*Instructions for the task*
From the line that contains "Baignoire Pliable Bébé, Baignoire" down to the final line of the listing below, set down every line exactly, both ends included, and drop the pictures.

*Provided material*
□ □ □ □ □
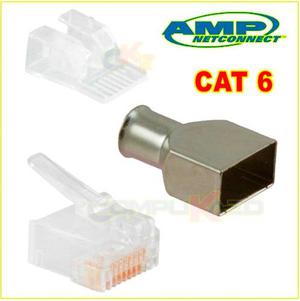 Conector Plug Rj45 Cat 6 Solido Metalico De 3 Cuerpos Amp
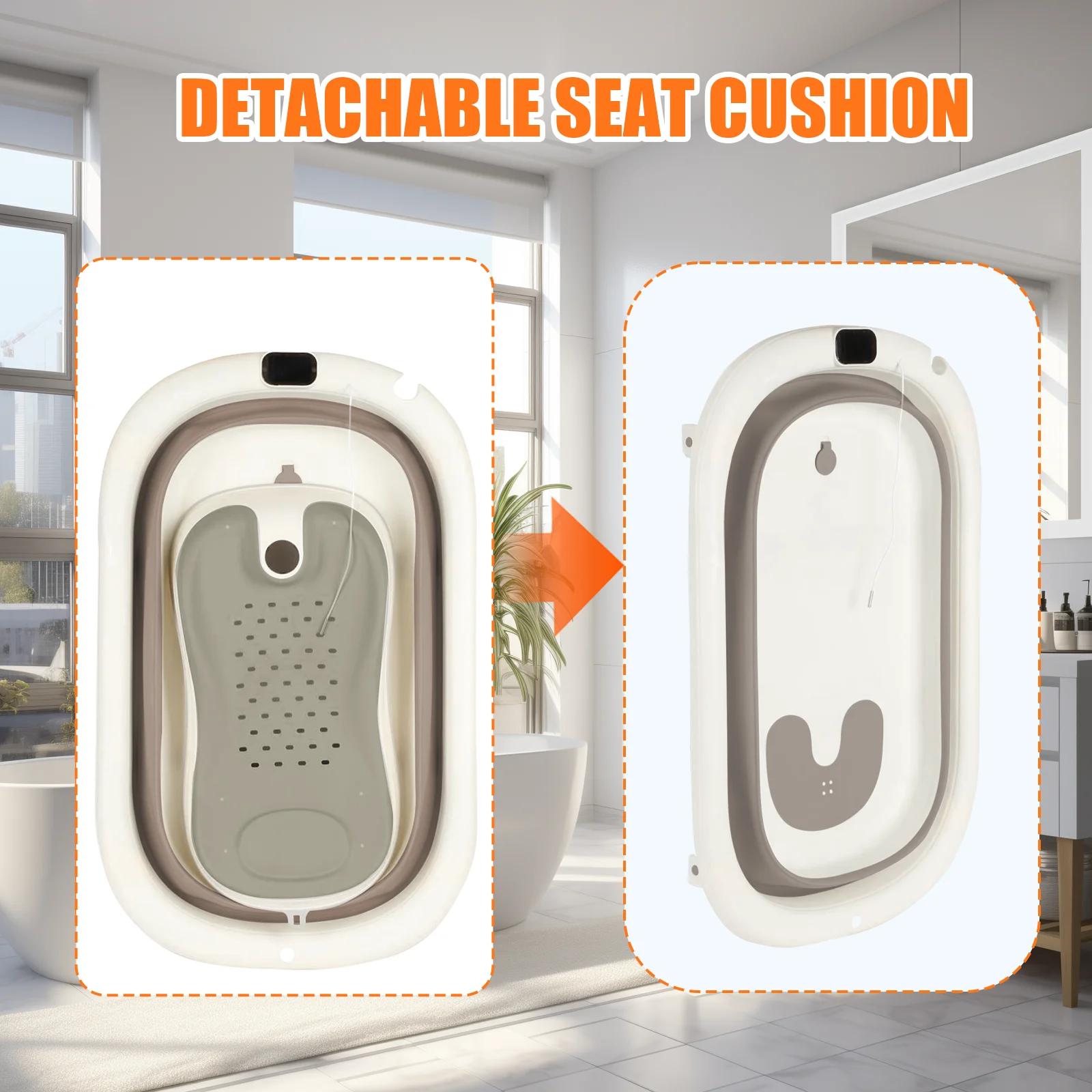 Baignoire Pliable Bébé, Baignoire Pliable Pour Nouveau-Né Avec Coussin (0-24 Mois), Cadeau de Naissa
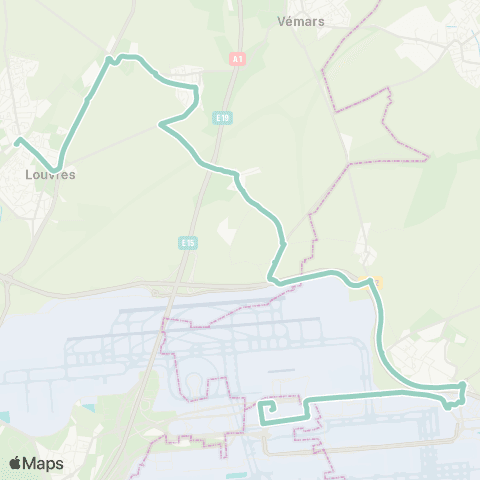 Île-de-France Mobilités Gare de Louvres <> Gare de Roissypôle - Aéroport CDG 1 map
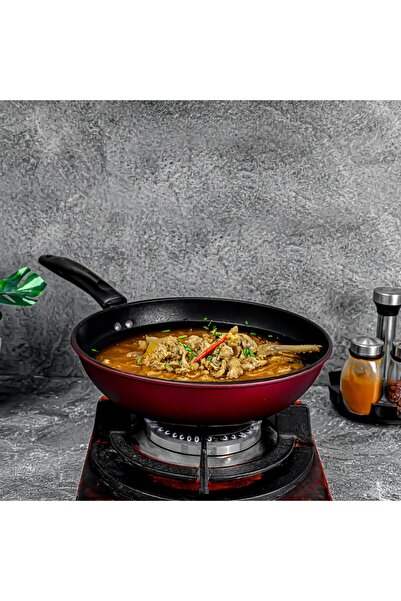 ROYALFORD 28 CM Carbon Steel Wok Pan with Non-Stick Coating- RF12121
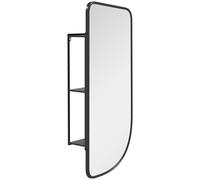 HOMCOM Miroir Mural avec étagères de Rangement pour Salle de Bain, Cadre en métal Noir, dim. 40 x 86 cm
□ □ □ □ □
*Response area*
 Baignoire Pliable Bébé, Baignoire Pliable Pour Nouveau-Né Avec Coussin (0-24 Mois), Cadeau de Naissa
 Île-de-France Mobilités Gare de Louvres <> Gare de Roissypôle - Aéroport CDG 1 map
 ROYALFORD 28 CM Carbon Steel Wok Pan with Non-Stick Coating- RF12121
 HOMCOM Miroir Mural avec étagères de Rangement pour Salle de Bain, Cadre en métal Noir, dim. 40 x 86 cm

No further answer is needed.